Material for this task:
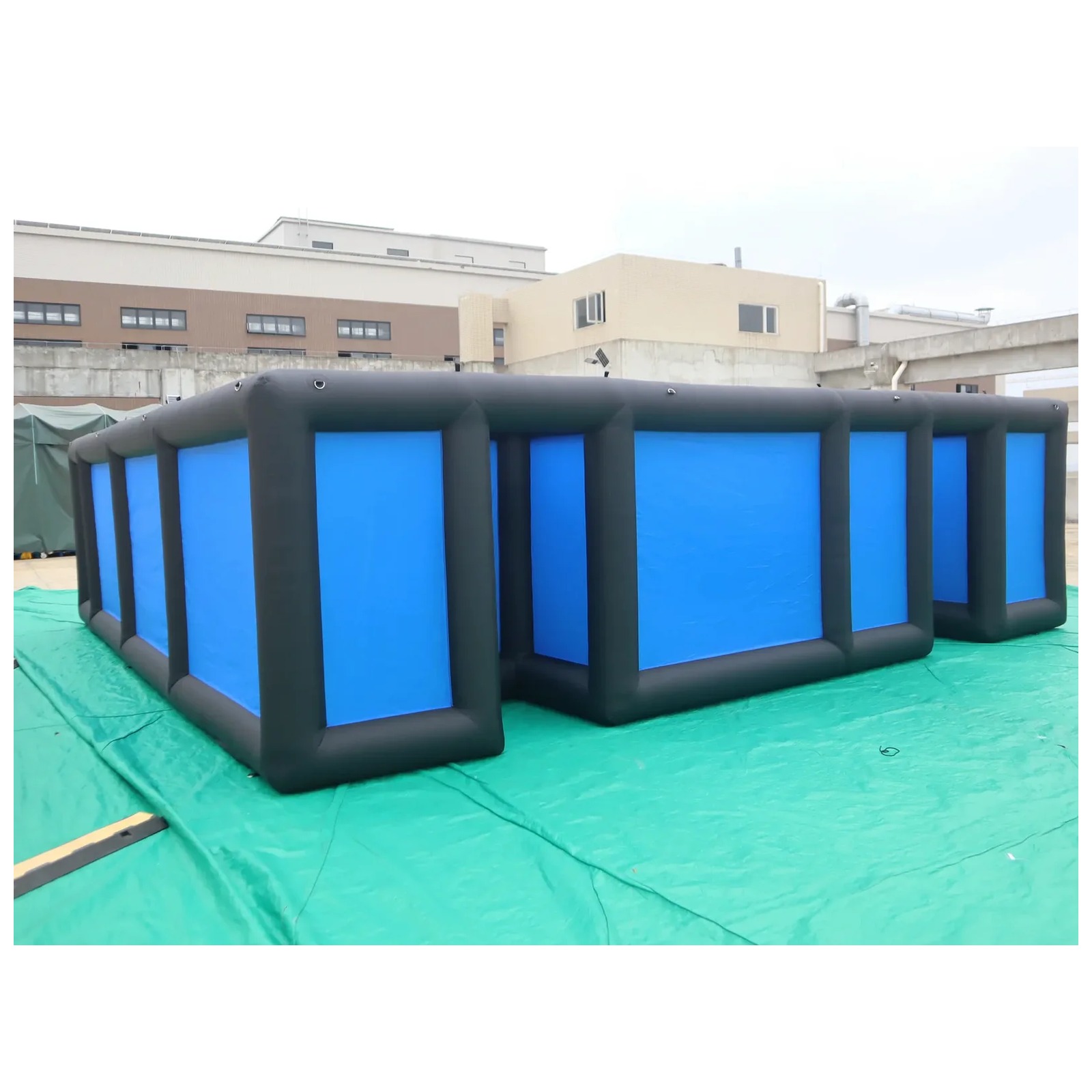 Large Black Blue Open Inflatab - Kids Outdoor Venues ulasan dan harga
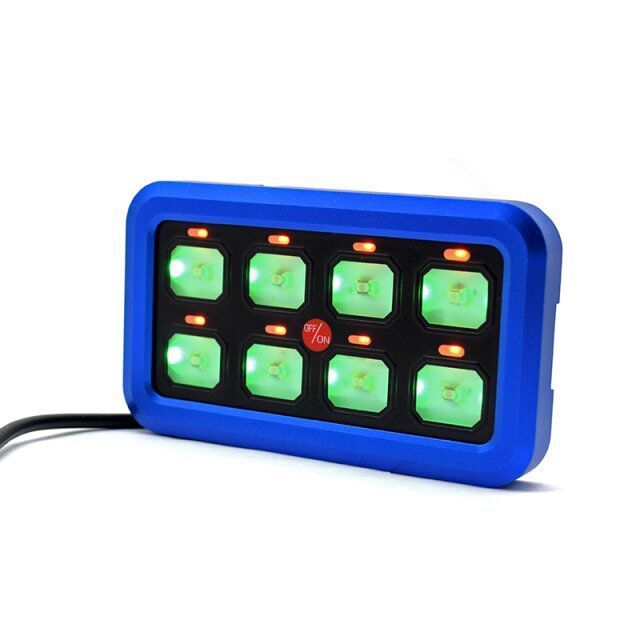 12V Universal Waterproof 8Ways Touch Screen Control Panels App Rgb 8 Gang Switch Panel With Led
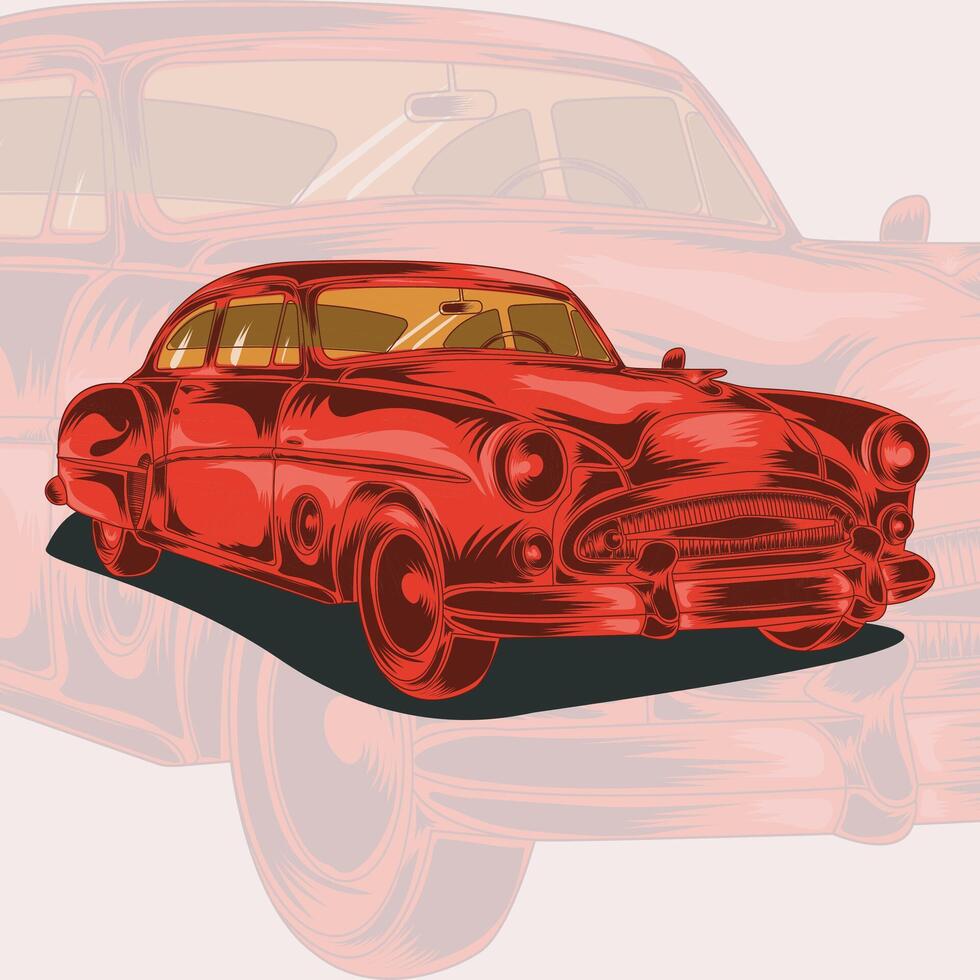 coche vector ilustración diseño vistoso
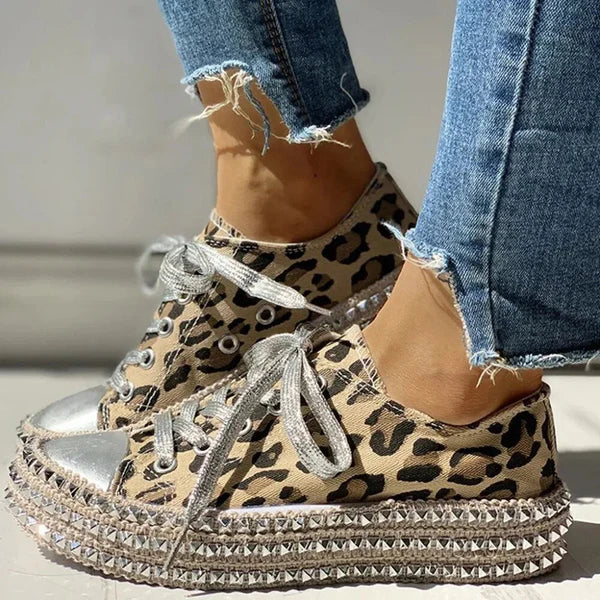 Sabrina – Leopard Print Platform Sneakers
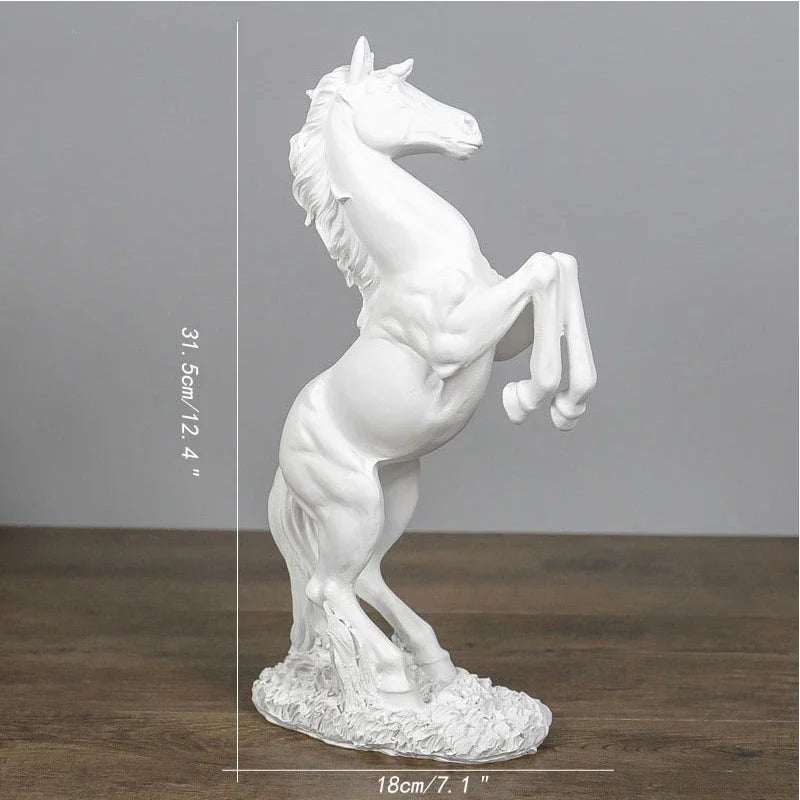 Large Resin White Horse Decor Statue.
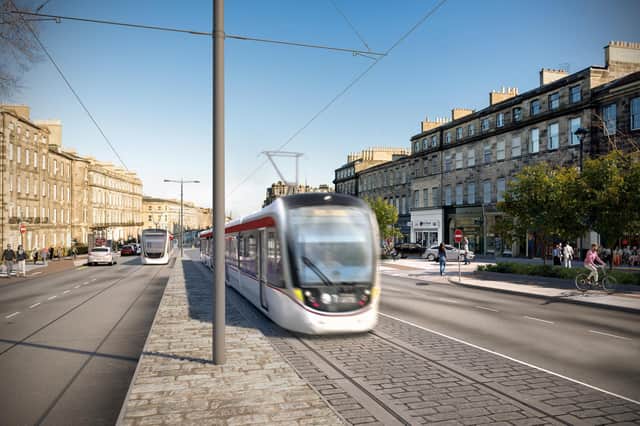 How the planned tram extension could look like at Elm Row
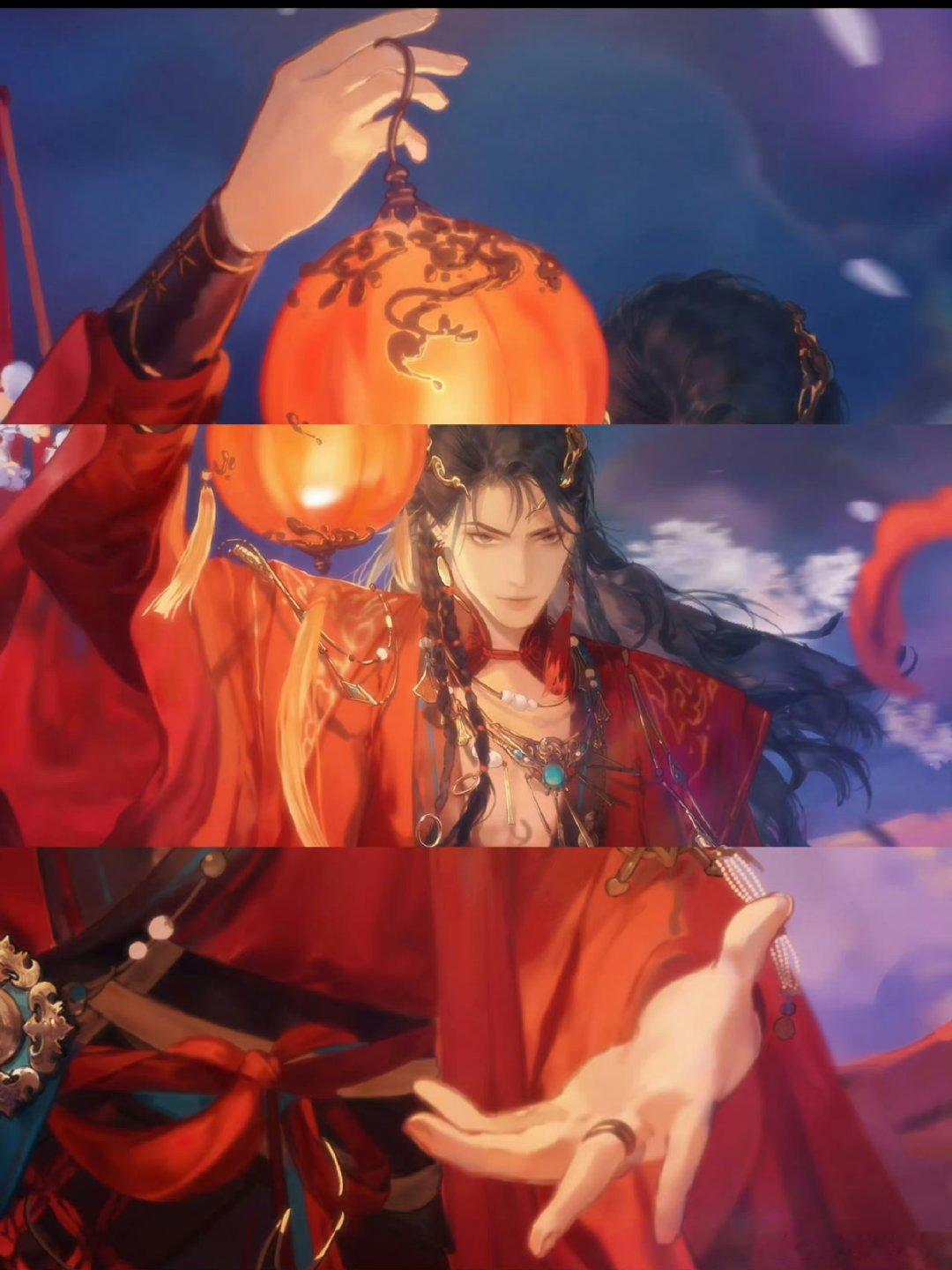#摇光录吴亥强制爱#只能说不愧是你摇光录周年庆整的这么大，没有让我们失望，吴亥这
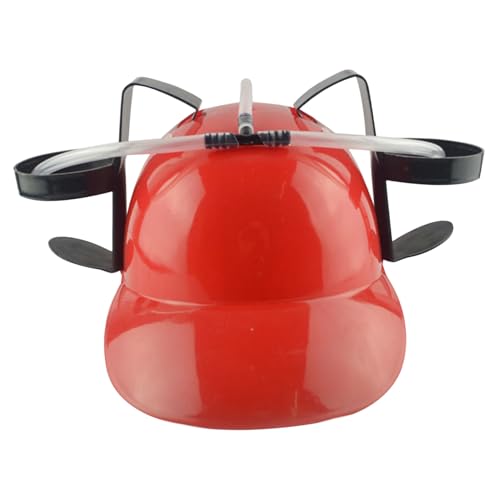 Bierhut Bierhut Trinken Hut Fun Drink Hut Safer Plastik -Trinkhelm mit Dose Hold und Stroh, lustiger Hut für Bier Soda Party Fußballspiele Neuheit Geschenk rot Bierhut Bierhut Trinken Hut Fun Drink Hut Safer Plastik -Trinkhelm mit Dose Hold und Stroh, lustiger Hut für Bier Soda Party Fußballspiele Neuheit Geschenk rot von Pineeseatile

Exercise instructions: Please reproduce exactly and only the lines from the first line of the records through the line containing "#摇光录吴亥强制爱#只能说不愧是你摇光录周年庆整的这么大，没有让我们失望，吴亥这", both included, omitting any pictures.

Output of the exercise:
 Large Black Blue Open Inflatab - Kids Outdoor Venues ulasan dan harga
 12V Universal Waterproof 8Ways Touch Screen Control Panels App Rgb 8 Gang Switch Panel With Led
 coche vector ilustración diseño vistoso
 Sabrina – Leopard Print Platform Sneakers
 Large Resin White Horse Decor Statue.
 How the planned tram extension could look like at Elm Row
#摇光录吴亥强制爱#只能说不愧是你摇光录周年庆整的这么大，没有让我们失望，吴亥这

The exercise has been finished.